Mercury falling
I rise from my bed
Collect my thoughts together
I have to hold my head
....
She brighten my day
She warm the coldest night
The hounds of winter
They got me in their sights....
- Sting
I have a strange relationship with October.
I truly look forward to it all year. I crave the clarity and crispness of the shifting northern wind that bears undertones of field fires and fallen leaves stirred underfoot, its breezes nearly detectable to the tongue by the taste of the air. My dress becomes more concealing and reflective of autumn's colors and quality of light, as if I could better attune myself to the season and accept its finality by fading into its warm palette. I bust out the tin pans and bake whatever stirs my imagination. I always take long walks, short naps, and am constantly boiling a cauldron of this-and-that soup to sip during rainy day Harry Potter marathons.
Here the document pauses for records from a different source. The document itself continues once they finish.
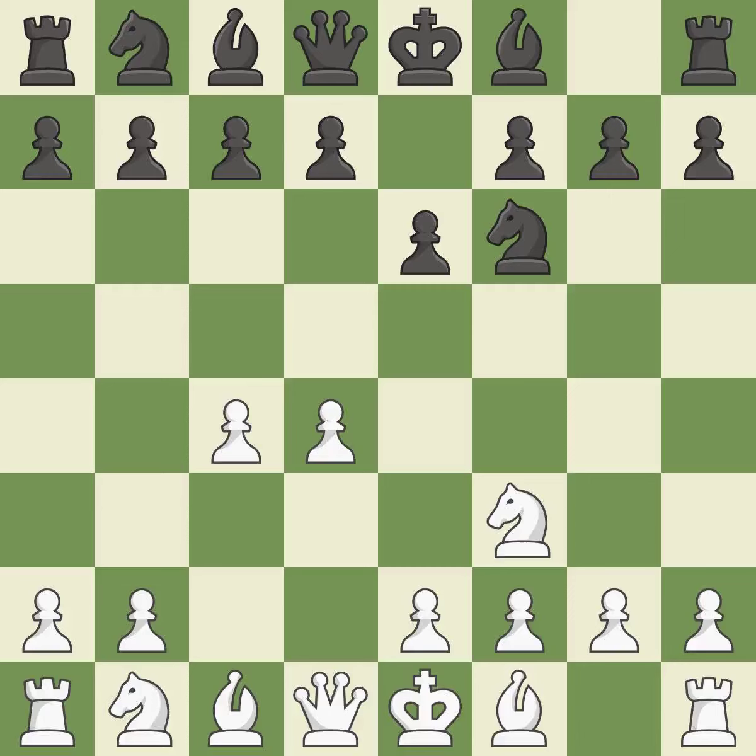NF3 develops toward the center, putting pressure on the E5 square and adding another defender to the D4 pawn. As it occupies space in the center, it attacks the C4 pawn and aids in maintaining control of the E4 square. This develops a knight from its starting square, activating it.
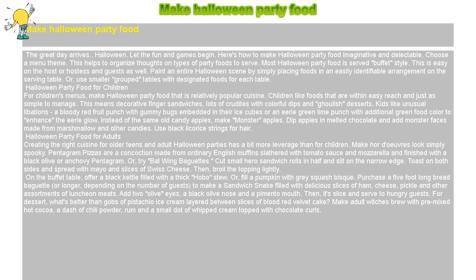Make Halloween party food. The great day arrives — Halloween. Let the fun and games begin. Here's how to make Halloween party food imaginative and delectable.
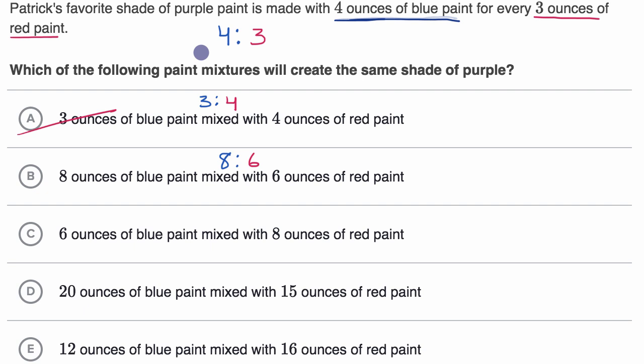Are these equivalent ratios? If you multiply both parts of four to three by two, you get eight to six — four times two is eight, three times two is six. So this is indeed an equivalent ratio, and we would select this one. The third option is six ounces of blue paint mixed with eight ounces of red paint — a ratio of six to eight. This has swapped the blue and red relative to the correct ratio, so just like the first option, we rule it out because the order matters.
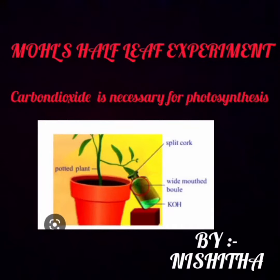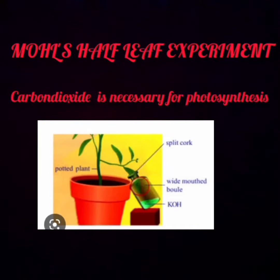Myself, Yunishtar, studying in 10th Standard. Today I am going to explain about carbon dioxide is necessary for photosynthesis, also called as the half-leaf experiment.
Fall is easily my favorite season.... on paper.
Really, it's difficult. Less stressful than grown-up Christmastime, but moodier. I have trouble being alone, even though I'll never actively seek another's company. I tend to drink too much coffee, dye my hair too dark, lose myself in the alternate realities of tragic fiction, revert to grunge music and pit bull talk radio, and pen journalfuls of self-indulgent poetry. I'm so 1994 I can hardly stand myself.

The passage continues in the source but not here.